3.2 Diskussion zu Koch Univ.-Prof. Dr. Katja Langenbucher fragte nach der Einschätzung von Koch zum Urteil des LG Berlin und ob dieses eine Wiederbelebung der Prospekthaftung für ICOs darstelle. Koch wies darauf hin, dass aufgrund der Besonderheit des Falls – die Kryptowerte seien nicht im Inland angeboten worden – beide Formen der spezialgesetzlichen Prospekthaftung scheiterten. Für ICOs würde sich das Problem in Zukunft nicht mehr stellen, weil diese in Zukunft normativ geregelt seien. Mit einer Wiederbelebung rechnete Koch nicht. [Beitrag Gsell, S. 47 ff.]

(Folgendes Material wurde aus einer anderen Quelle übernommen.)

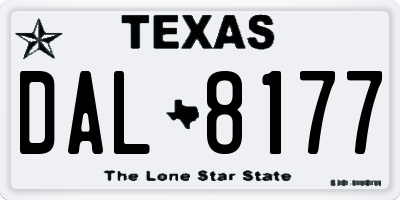 TX license plate DAL8177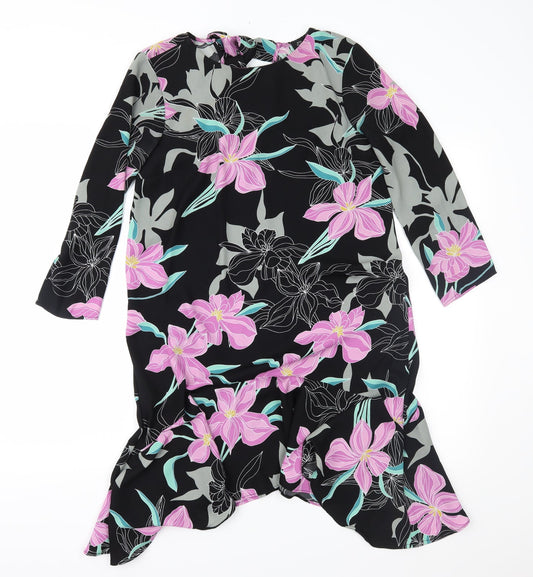 River Island Womens Black Floral Shift Size 8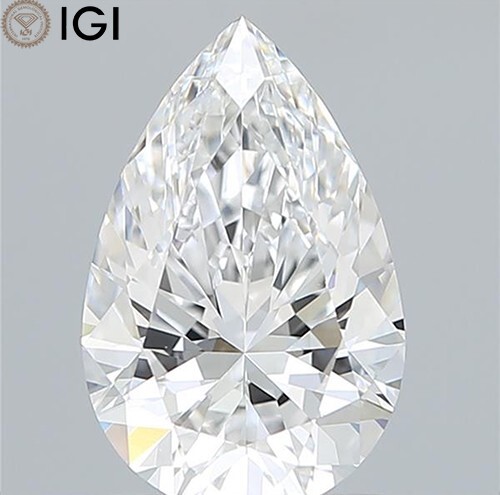 Elegant 1.71 Carat D Color VVS2 Clarity IGI Certified CVD Lab Grown Pear Diamond - Picture 1 of 9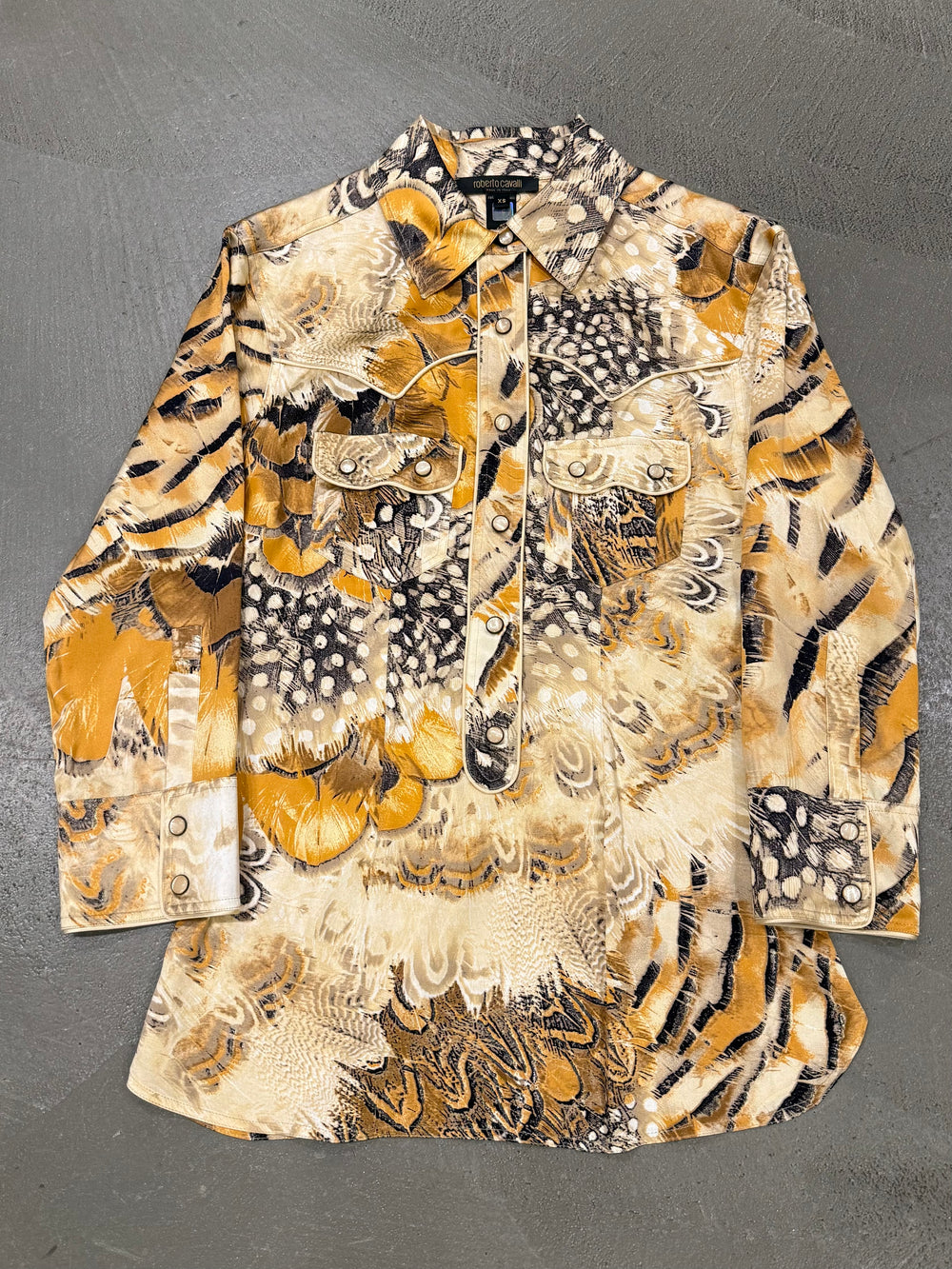 2004 Roberto Cavalli feather silk shirt
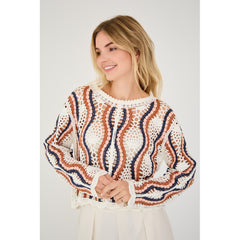 California Crochet Blouse - White/Peach/Navy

3.3 Europäische Verbandsklagen zum Schutz kollektiver Verbraucherinteressen – Königs- oder Holzweg? Univ.-Prof. Dr. Beate Gsell, Professorin für Bürgerliches Recht, Zivilverfahrensrecht, Europäisches Privat- und Verfahrensrecht an der Ludwig-MaximiliansUniversität München sowie Richterin am Oberlandesgericht München, trug zum Thema „Europäische Verbandsklagen zum Schutz kollektiver Verbraucherinteressen – Königs- oder Holzweg?“ vor. Zu Beginn stellte Gsell fest, dass Deutschland zur Minderheit derjenigen EU-Mitglieder gehört, die kein Instrument des kollektiven Rechtsschutzes zur gebündelten Geltendmachung von Schadensersatzansprüchen kennt. Anschließend beschrieb sie die Fallgruppen und Ziele kollektiven Rechtsschutzes. Ausführlich ging sie danach auf die Eckpunkte der neuen Verbandsklage auf Basis der Verbandsklage-RL ein. Zum Abschluss folgten Anregungen zur Umsetzung der Richtlinie in nationales Recht.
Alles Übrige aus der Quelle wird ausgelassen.